- Udsar Location in Rajasthan, India Udsar Udsar (India)
- Coordinates: 27°42′50″N 73°43′03″E﻿ / ﻿27.7139°N 73.7174°E
- Country: India
- State: Rajasthan
- District: Bikaner
- Sub-District: Jasrasar

Government
- • Type: Panchayati Raj
- • Body: Gram Panchayat

Area
- • Total: 23.16 km^{2} (8.94 sq mi)

Population (2011)
- • Total: 2,404

Language
- • Official Language: Hindi
- Time zone: UTC+5:30 (IST)
- PIN: 334802
- Vehicle registration: RJ-50, RJ-07

= Udsar =

Village in Rajasthan, India

Udsar is a village in Jasrasar Tehsil within the Bikaner district of the Indian state of Rajasthan.

Villagers primarily rely on agriculture, with some owning their own enterprises.

==Demographics==

As per the 2011 Census, the population numbered 2,404, including 1,254 males and 1,150 females. The Literacy rate was 48.21%.

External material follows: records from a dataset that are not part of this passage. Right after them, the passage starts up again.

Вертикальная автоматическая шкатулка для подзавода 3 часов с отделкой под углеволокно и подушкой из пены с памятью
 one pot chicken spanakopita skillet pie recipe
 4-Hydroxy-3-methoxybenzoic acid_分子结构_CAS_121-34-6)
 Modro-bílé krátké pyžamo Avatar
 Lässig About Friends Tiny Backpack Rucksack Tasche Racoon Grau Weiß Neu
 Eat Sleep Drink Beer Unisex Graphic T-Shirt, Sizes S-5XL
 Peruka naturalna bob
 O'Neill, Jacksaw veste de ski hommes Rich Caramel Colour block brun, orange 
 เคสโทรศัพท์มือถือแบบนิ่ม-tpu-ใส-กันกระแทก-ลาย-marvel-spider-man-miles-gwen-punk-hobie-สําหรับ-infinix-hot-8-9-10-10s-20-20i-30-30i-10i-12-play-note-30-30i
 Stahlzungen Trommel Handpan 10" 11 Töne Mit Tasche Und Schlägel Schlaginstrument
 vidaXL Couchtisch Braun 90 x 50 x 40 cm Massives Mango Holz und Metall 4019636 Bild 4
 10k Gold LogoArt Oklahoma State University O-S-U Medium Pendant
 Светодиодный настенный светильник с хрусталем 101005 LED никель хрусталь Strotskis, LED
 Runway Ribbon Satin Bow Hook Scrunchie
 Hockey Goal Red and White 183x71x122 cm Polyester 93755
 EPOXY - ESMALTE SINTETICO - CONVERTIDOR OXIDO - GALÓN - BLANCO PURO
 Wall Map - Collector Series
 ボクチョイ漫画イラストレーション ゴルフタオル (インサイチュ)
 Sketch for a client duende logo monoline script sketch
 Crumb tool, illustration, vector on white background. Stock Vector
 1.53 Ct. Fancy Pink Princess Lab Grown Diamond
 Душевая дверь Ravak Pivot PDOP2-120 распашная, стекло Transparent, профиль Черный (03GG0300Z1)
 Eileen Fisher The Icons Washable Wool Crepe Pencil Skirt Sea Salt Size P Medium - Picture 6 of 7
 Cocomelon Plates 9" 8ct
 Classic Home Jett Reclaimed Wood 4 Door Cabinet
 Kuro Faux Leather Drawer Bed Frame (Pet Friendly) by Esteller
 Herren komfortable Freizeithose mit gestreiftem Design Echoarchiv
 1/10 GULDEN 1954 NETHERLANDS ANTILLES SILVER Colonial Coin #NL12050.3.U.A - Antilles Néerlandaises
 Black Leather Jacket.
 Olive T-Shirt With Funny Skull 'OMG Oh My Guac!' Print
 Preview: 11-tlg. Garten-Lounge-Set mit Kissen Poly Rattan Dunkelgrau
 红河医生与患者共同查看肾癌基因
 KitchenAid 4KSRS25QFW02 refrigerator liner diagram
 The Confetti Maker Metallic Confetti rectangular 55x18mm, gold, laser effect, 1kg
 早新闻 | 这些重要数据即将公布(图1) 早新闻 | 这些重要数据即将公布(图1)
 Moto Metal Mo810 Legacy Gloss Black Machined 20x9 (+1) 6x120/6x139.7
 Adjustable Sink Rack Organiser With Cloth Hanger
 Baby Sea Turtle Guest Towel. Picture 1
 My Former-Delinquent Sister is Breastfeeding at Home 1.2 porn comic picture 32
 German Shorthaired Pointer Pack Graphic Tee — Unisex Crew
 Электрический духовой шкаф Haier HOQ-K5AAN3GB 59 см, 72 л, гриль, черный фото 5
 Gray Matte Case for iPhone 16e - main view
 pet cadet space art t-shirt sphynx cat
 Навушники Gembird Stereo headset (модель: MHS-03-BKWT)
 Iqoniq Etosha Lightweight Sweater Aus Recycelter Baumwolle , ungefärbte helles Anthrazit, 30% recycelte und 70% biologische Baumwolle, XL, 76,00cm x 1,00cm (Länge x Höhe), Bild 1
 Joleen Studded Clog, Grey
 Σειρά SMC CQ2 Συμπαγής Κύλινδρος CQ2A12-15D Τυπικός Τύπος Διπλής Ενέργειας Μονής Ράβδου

100% of the village follows Hinduism.

Bagri, a dialect of Rajsthani, is the most spoken language, although the village administration uses Hindi.

==Transport==

Udsar is near the Sikar-Nokha Highway, SH-20. The roads are in good condition. No railway services reaches the village. Inhabitants travel to Nokha or Bikaner for the train.